Y así avanza en sus tres momentos: Curiosamente, la primera parte se titula Herejías, aun sabiendo que recurre, como lo dijimos, a referentes bíblicos: Eva, María, la expulsión, diluvio, la tentación, Lázaro, el hijo pródigo, Pedro, etc., etc. Pero el ánimo y la exhalación poética; es decir, lo realmente poético subyace en la capacidad para trasmutar estos elementos, como líricos pretextos para expresar y mostrar de manera, desencantada, sombría y en algunos casos, hasta pesimista, el aliento ubicuo y pegajoso del desamor. Sí, el desamor, la distancia y lo imposible inundan cada verso del poemario todo.
Cuando empleo el término “pesimista” no lo hago bajo consideraciones semánticas negativas. Todo lo contrario, a través de ello se busca enmascarar (como la buena poesía lo ha hecho) los muchos dramas humanos a raíz, por ejemplo, de los amores imposibles. O buscar cubrir la tragedia de la soledad, producto de los amores concluidos, o tal vez ni siquiera iniciados.
Para ello, la autora recurre a una serie de artilugios lingüísticos en base a una sucesión de sustantivos que nos derivan hacia ese mundo de soledad, destierro y aislamiento: penumbra, destino, silencio, noche, vacío, sombra, desaliento, heridas, abismo, grietas, tumbas, horizonte, y mucho más.
Y si a ello añadimos las múltiples adjetivaciones, entonces nos encontraremos ante una poesía que al mismo tiempo que encara los dolorosos dramas humanos; nos lo dice, eso sí, con un profundo lirismo que embellece la soledad, que alegra las distancias, que edulcora la tragedia de vivir con el olvido o con la indiferencia a cuestas. Veamos: perdido ojos, alba casa, efímeras quimeras, perversa soledad, afilados ojos, ingenuas venas, cálidas almohadas, manos impías, entrañas encendidas, grises senderos, etc.
Estamos entonces ante una escritora que conoce su oficio y que sabe emplear la palabra en su justa dimensión. Estamos ante una creadora de destinos en base a su propia inmolación. Para ello no duda en cometer la herejía de variar las historias ya escritas y, por ejemplo, dar una voltereta a los mitos consagrados y volverlos más terrenales, más realistas, más humanos. Todo en nombre del amor, o mejor: del desamor.
Sin embargo, frente a ese panorama aparentemente sombrío hay momentos en que el poema se ilumina como una celebración. Y ello es entendible, sabiendo que el ser humano, en esencia, es eso.

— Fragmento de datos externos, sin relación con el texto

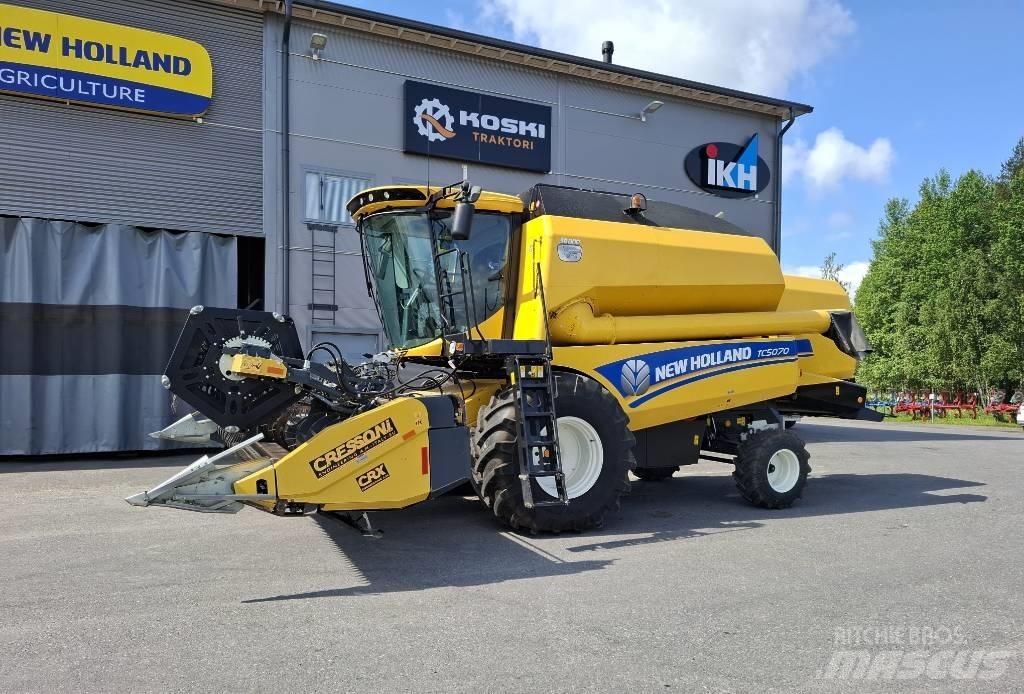 New Holland TC 5070 聯合收穫機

Por más que el dolor abrume, por más que la soledad consuma, por más que las distancias entristezcan, siempre habrá un lugar para la esperanza; siempre habrá un retazo de felicidad que justifique nuestra azarosa existencia.
Luego de la lectura de Entre dioses y herejías reitero mi entusiasmo por la poesía que se hace en esta parte del país y me inclino ante los versos de Rossy Majino en el entendido de que la poesía, o la buena poesía, es el último reducto de la felicidad.